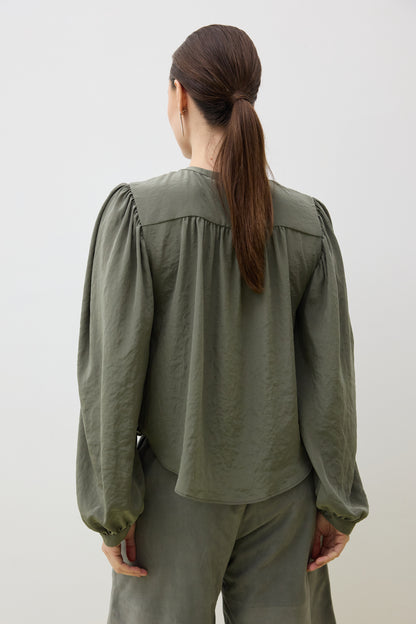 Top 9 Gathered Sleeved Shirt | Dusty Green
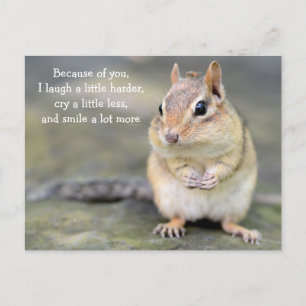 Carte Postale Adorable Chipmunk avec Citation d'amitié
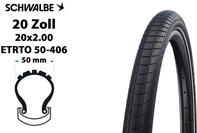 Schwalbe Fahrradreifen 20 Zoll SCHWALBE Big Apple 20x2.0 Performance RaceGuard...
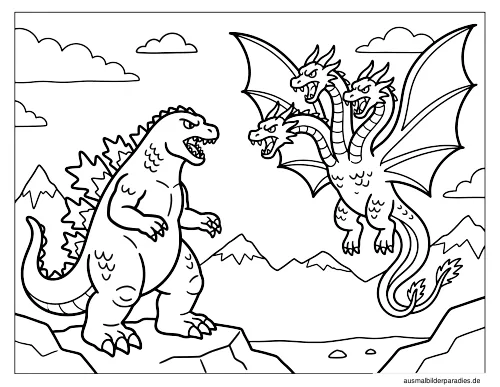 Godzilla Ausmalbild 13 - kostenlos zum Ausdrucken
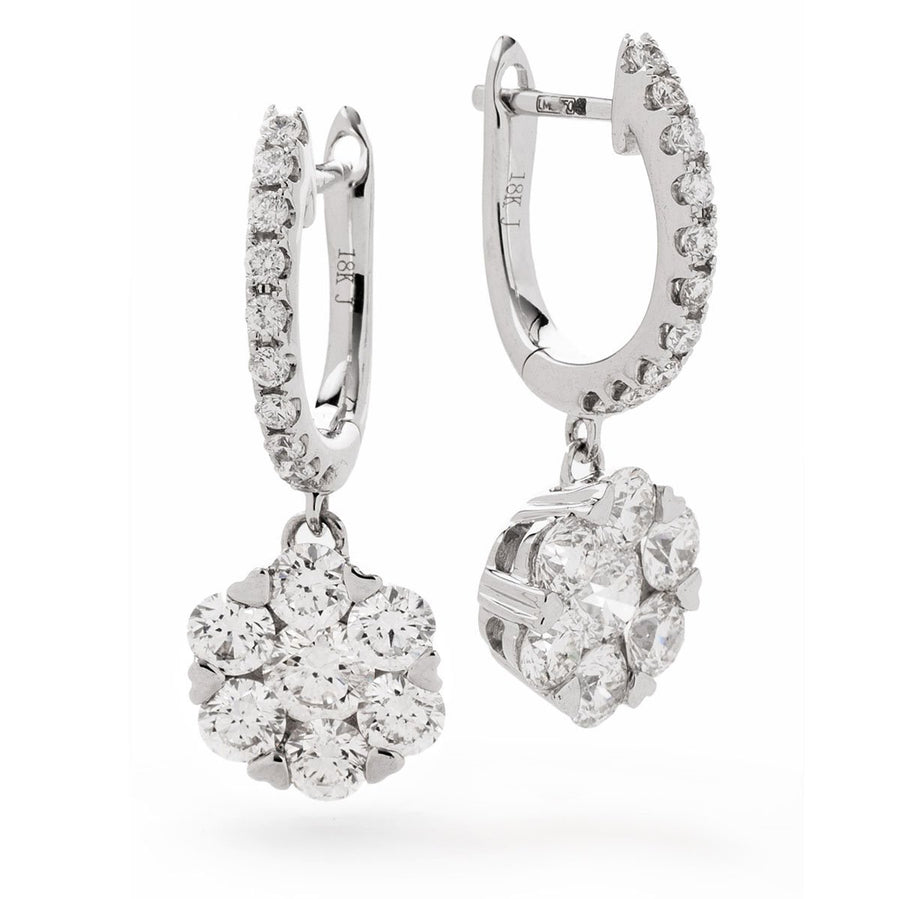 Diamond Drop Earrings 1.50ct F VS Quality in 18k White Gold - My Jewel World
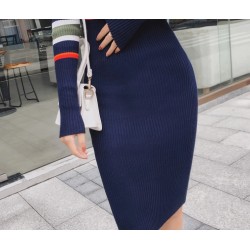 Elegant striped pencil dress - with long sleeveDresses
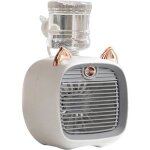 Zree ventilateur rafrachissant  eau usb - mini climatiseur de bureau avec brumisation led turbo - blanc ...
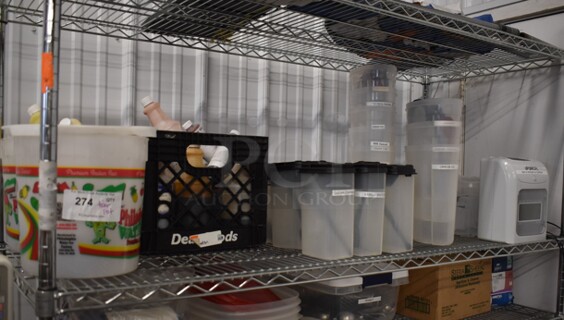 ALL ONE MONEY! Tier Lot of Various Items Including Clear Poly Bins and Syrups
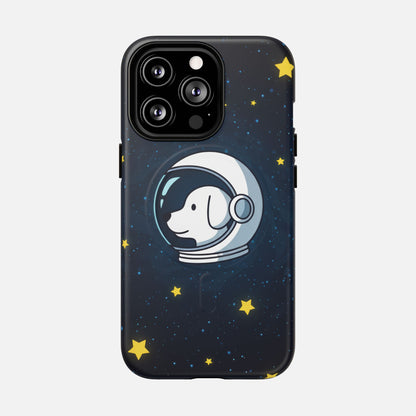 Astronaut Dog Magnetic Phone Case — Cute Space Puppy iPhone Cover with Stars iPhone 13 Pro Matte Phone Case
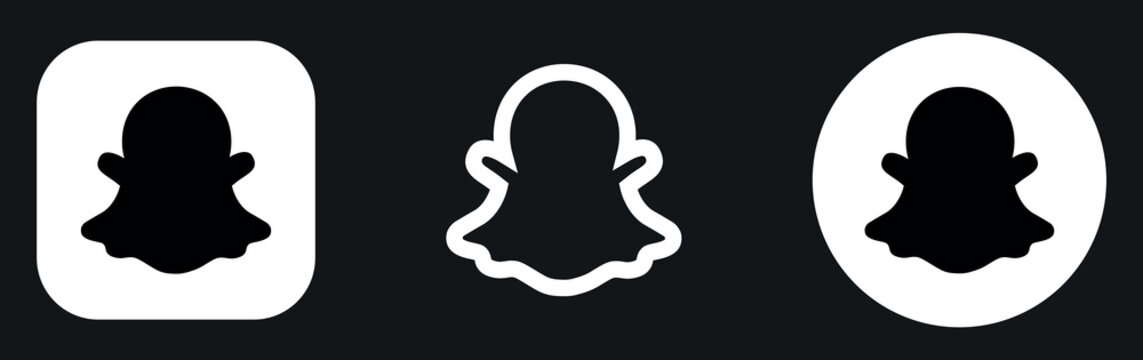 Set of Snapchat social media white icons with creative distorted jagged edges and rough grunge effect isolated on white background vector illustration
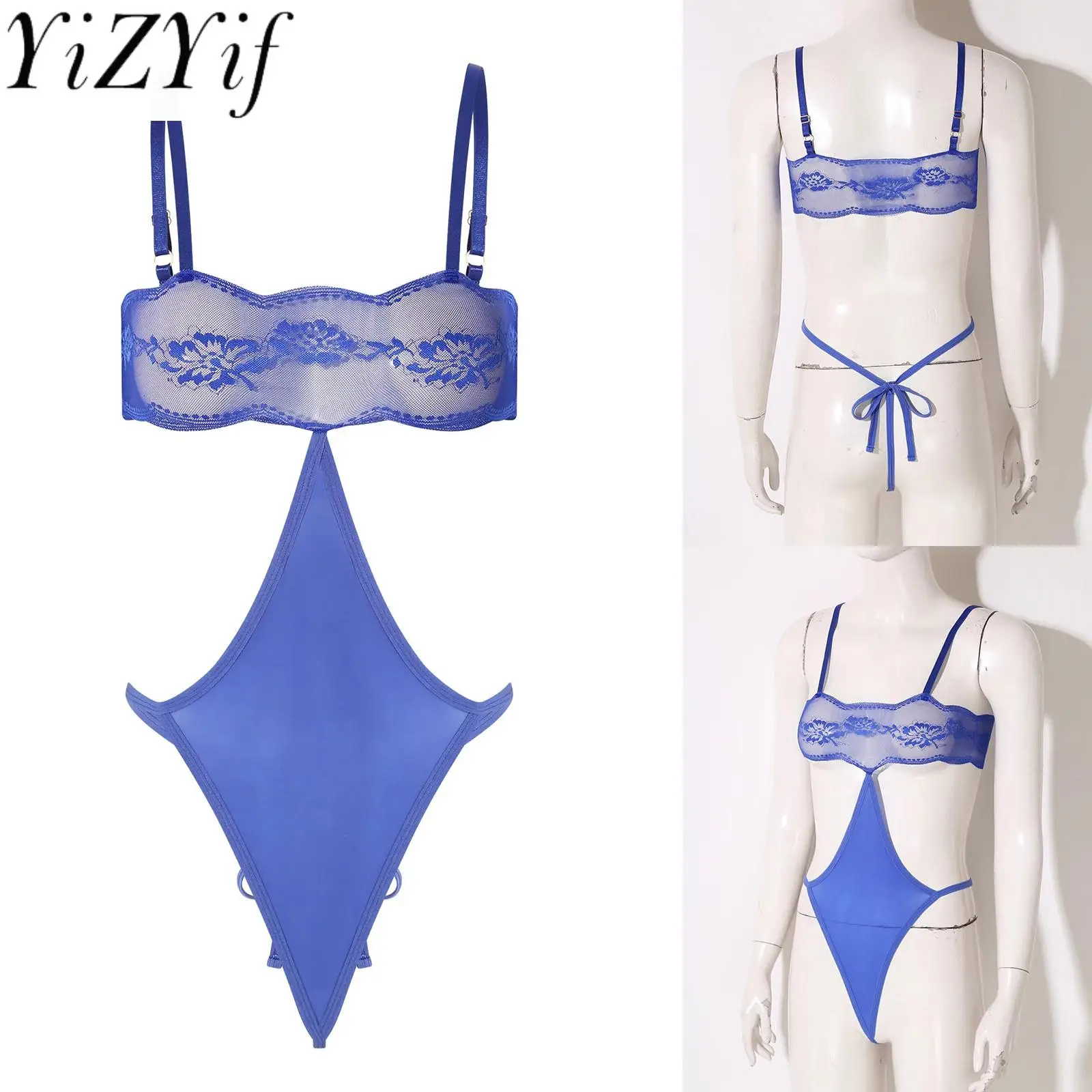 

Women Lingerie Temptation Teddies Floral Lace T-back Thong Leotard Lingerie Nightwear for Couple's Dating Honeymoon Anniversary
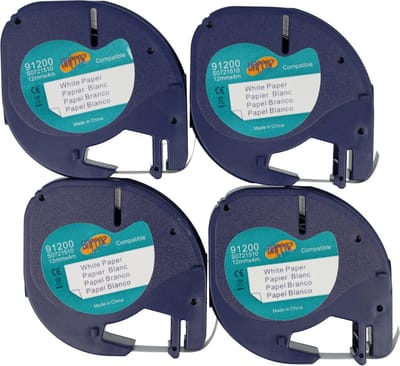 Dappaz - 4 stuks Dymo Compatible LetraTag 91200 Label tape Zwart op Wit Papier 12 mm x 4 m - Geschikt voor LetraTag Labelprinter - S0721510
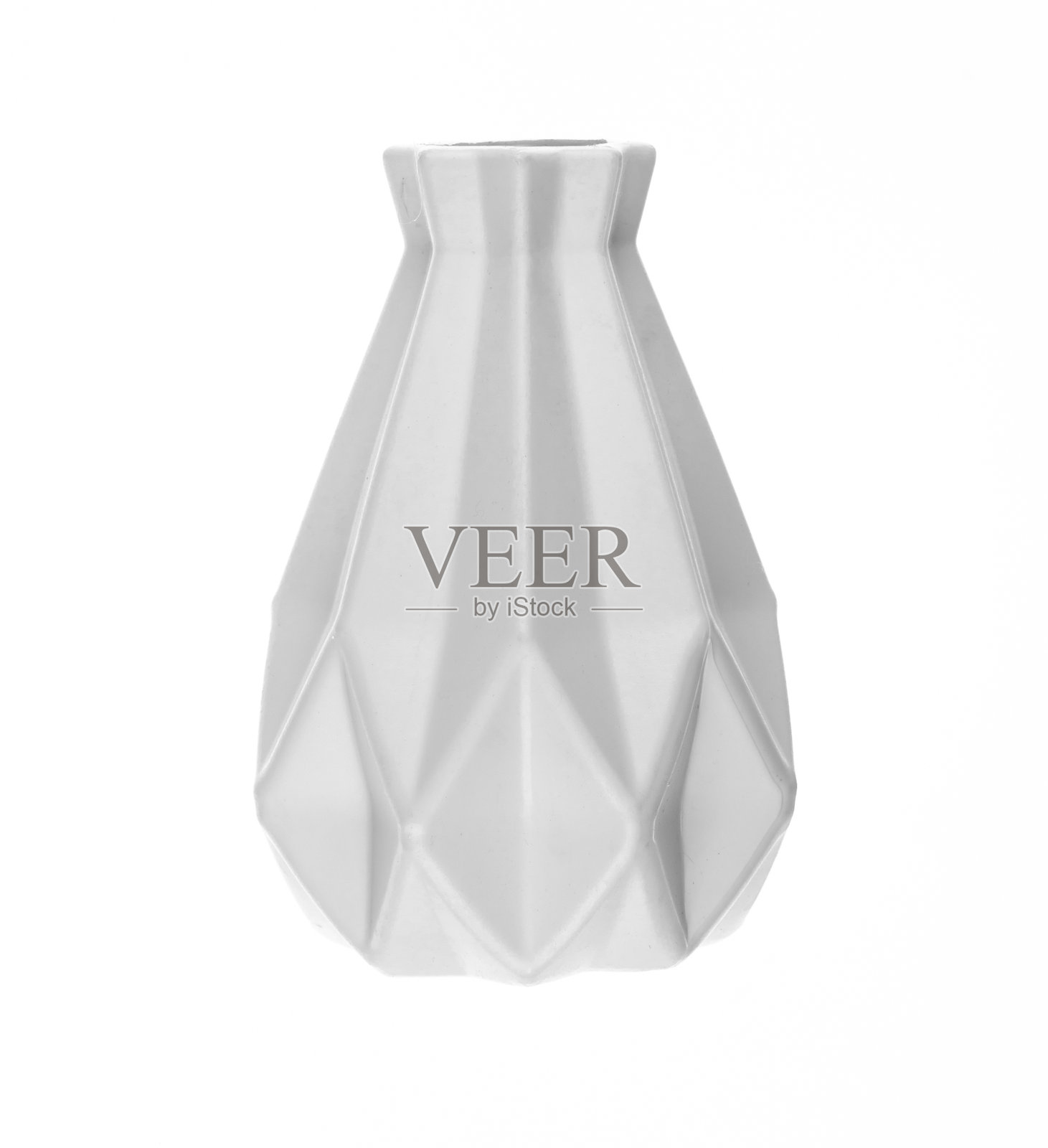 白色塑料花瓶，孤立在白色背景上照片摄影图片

- **The task**:
Only the lines from the one containing "Carte Postale Adorable" through the end of the records should be copied, exactly and with both ends included; the pictures should not.

- **Completed task**:
 Carte Postale Adorable Chipmunk avec Citation d'amitié
 Schwalbe Fahrradreifen 20 Zoll SCHWALBE Big Apple 20x2.0 Performance RaceGuard...
 Godzilla Ausmalbild 13 - kostenlos zum Ausdrucken
 Diamond Drop Earrings 1.50ct F VS Quality in 18k White Gold - My Jewel World
 Elegant striped pencil dress - with long sleeveDresses
 Zree ventilateur rafrachissant  eau usb - mini climatiseur de bureau avec brumisation led turbo - blanc ...
 ALL ONE MONEY! Tier Lot of Various Items Including Clear Poly Bins and Syrups
 Astronaut Dog Magnetic Phone Case — Cute Space Puppy iPhone Cover with Stars iPhone 13 Pro Matte Phone Case
 Set of Snapchat social media white icons with creative distorted jagged edges and rough grunge effect isolated on white background vector illustration

Women Lingerie Temptation Teddies Floral Lace T-back Thong Leotard Lingerie Nightwear for Couple's Dating Honeymoon Anniversary
 Dappaz - 4 stuks Dymo Compatible LetraTag 91200 Label tape Zwart op Wit Papier 12 mm x 4 m - Geschikt voor LetraTag Labelprinter - S0721510
 白色塑料花瓶，孤立在白色背景上照片摄影图片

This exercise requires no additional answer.